In sostanza, le migliaia di azionisti possono ancora chiedere un risarcimento in sede civile. Marco e Gianluca Jacobini, padre e figlio rispettivamente ex presidente ed ex condirettore generale dell’istituto di credito barese, sono accusati di aver falsificato per anni i bilanci e i prospetti, e di aver ostacolato l’attività di vigilanza di Bankitalia e Consob. La buccia di banana sulla quale è scivolato il processo è stata la mancata notifica alla banca di accertamenti tecnici irripetibili, sui telefoni e sui tablet sequestrati agli imputati, eseguiti però quando ancora la Bpb non era stata inserita nell’elenco dei responsabili civili. In tal modo, hanno sostenuto gli avvocati della banca, è stato violato il diritto di difesa.
Ma, secondo i giudici (e secondo la Procura che si è allineata alla richiesta della difesa) bisogna attenersi a quanto dispone la legge in questi casi: “Il giudice deve limitarsi ad una verifica esterna circa la sussistenza degli elementi indicati dalla parte – scrivono ancora – senza poter esercitare alcun sindacato sulla concreta portata pregiudizievole delle prove raccolte senza la sua partecipazione.” E ancora, evidenziano il “Diritto del responsabile civile a non essere destinatario di una pronuncia di condanna con dati di prova alla cui assunzione non ha partecipato, per il diritto al contraddittorio nell’assunzione della prova tipico del giusto processo.” Tant’è. E così, riassumono i giudici, bisogna andare avanti, cercando altre sedi in cui far valere i propri diritti.
Secondo il tribunale, infatti, “Alcuna lesione del diritto delle parti consegue a tale estromissione – spiegando che – è rimessa in capo al danneggiato la scelta consapevole e ragionata della sede nella quale far valere la propria pretesa”. Per i giudici, cioè, resta il “Diritto ad agire in giudizio esercitando l’azione di risarcimento del danno in sede civile – e, in ogni caso – l’esclusione dal processo del responsabile civile non priva in assoluto la possibilità al danneggiato di conseguire in sede penale il ristoro dei danni patiti in conseguenza dell’illecito, giacché la sua pretesa rimane intatta nei confronti degli imputati.”
Ma i fuochi non si sono spenti. I difensori di Marco e Gianluca Jacobini, gli avvocati Guida Carlo Alleva, Giorgio Perroni, Giorgio Antoci e Roberto Eustachio Sisto e Angelo Loizzi, hanno eccepito che il diritto di difesa dei loro assistiti sarebbe stato leso prima dell’inizio del processo, perché avrebbero dovuto pagare circa 30mila euro di diritti di segreteria per avere copia dei 92 dvd contenenti i file audio delle intercettazioni.
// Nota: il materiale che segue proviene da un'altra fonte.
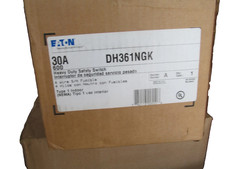Eaton dh361ngk 3 p0le 30a 600v fused heavy duty disconnect switch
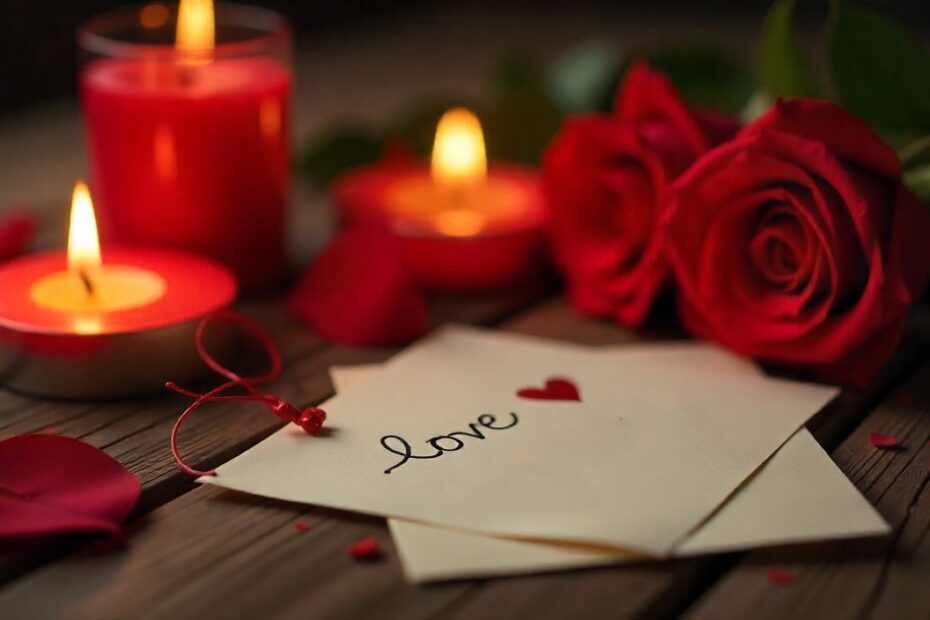 Romantic Valentine Day background with candles, roses, and love notes, perfect for Valentine messages and romantic designs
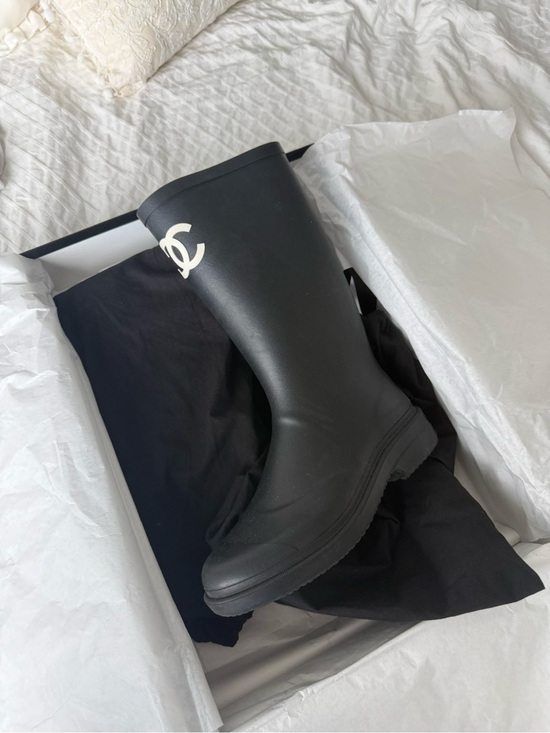 CHANEL Shoes - CHANEL Black Rubber Boots with White CC Emblem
Denaro del quale, in quel momento, gli imputati non disponevano. Ieri hanno spiegato che la difesa aveva chiesto copia di tutti gli atti, comprese le tracce foniche contenute nei 92 dvd, sollecitando che i file fossero riversati tutti su un unico dvd, ma la Procura glielo avrebbe negato per il rischio di danneggiare gli originali. Per ottenerli, quindi, avrebbero dovuto pagare 323 euro per ciascun dvd, per un totale di circa 30mila euro. Hanno quindi eccepito la nullità del decreto di giudizio immediato anche per altre presunte violazioni del diritto di difesa, relativa alla mancata disponibilità di altri atti di indagine. Sulla questione il tribunale deciderà nel corso dell’udienza del 28 ottobre.